Les chercheurs de la division 42 de Palo Alto Networks ont découvert un nouveau cheval de Troie destiné aux ordinateurs personnels signés Apple. Surnommé Komplex, il ciblerait spécifiquement les utilisateurs de Mac de l’industrie de l’aéronautique et aurait été « utilisé dans une précédente campagne exploitant une vulnérabilité dans l’application antivirus MacKeeper » pour sa distribution.

Au cours de leurs analyses, les chercheurs ont relevé que « Komplex partage une quantité significative de fonctionnalités et de caractéristiques avec un autre outil utilisé par le groupe Sofacy », une variante de Carberp, un logiciel malveillant ciblant les systèmes fonctionnant sous Windows.
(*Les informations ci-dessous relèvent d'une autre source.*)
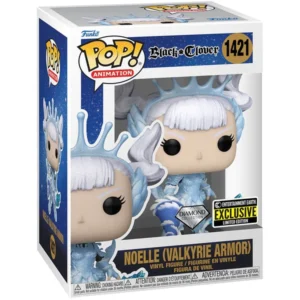 1421 Noelle- Black Clover-  (EE Exclusive) (Diamond)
Ce sont ces ressemblances ainsi que les domaines utilisés pour les serveurs de commande et de contrôle de Komplex qui ont justement amené les chercheurs de Palo Alto Networks à l’attribuer à Sofacy, aussi connu sous les noms d’APT 28, Pawn Storm ou encore Fancy Bear.
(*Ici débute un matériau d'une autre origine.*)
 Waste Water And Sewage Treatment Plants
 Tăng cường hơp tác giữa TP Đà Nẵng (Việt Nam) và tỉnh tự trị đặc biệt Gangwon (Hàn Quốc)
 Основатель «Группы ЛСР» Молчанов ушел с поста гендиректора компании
Ce groupe est suspecté d’être à l’origine de l’une des attaques ayant visé le conseil national du parti démocrate américain. Depuis plusieurs années, il est soupçonné d’être lié à l’appareil gouvernemental russe. FireEye et iSight Partners ont évoqués ces liens suspectés fin 2014. A l’automne dernier, Trend Micro a assuré que le groupe avait visé le Bureau de Sureté Danois chargé de l’enquête sur la destruction du vol MH17, en Ukraine, en juillet 2014. L’an passé, diverses sources nous avaient confirmé la présence de binaires imputables à APT28 sur les systèmes compromis au sein de la chaîne de télévision TV5 Monde.
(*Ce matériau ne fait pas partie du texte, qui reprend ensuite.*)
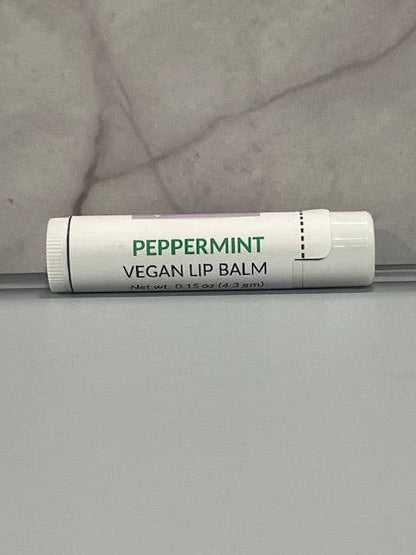 Vegan Lip Balm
Le cheval de Troie Komplex apparaît conçu pour pouvoir compromettre les systèmes 32 et 64 bits. Pour leurrer sa victime, il s’appuie sur un faux document PDF, prétendument lié au programme spatial russe, et installe un exécutable qui se lance à chaque démarrage du système, via un script shell. La véritable charge utile se charge de vérifier qu’elle n’est pas exécutée dans un environnement de débuggage, puis qu’elle accède bien à Internet. De là, elle peut commencer à communiquer avec les serveurs de commande et de contrôle, via des échanges chiffrés utilisant le protocole http. Et cela commence par la transmission d’informations sur le poste compromis.

Dans leur billet de blog, les équipes de Palo Alto fournissent des indicateurs de compromission détaillés, dont plusieurs domaines utilisés pour les serveurs de commande et de contrôle.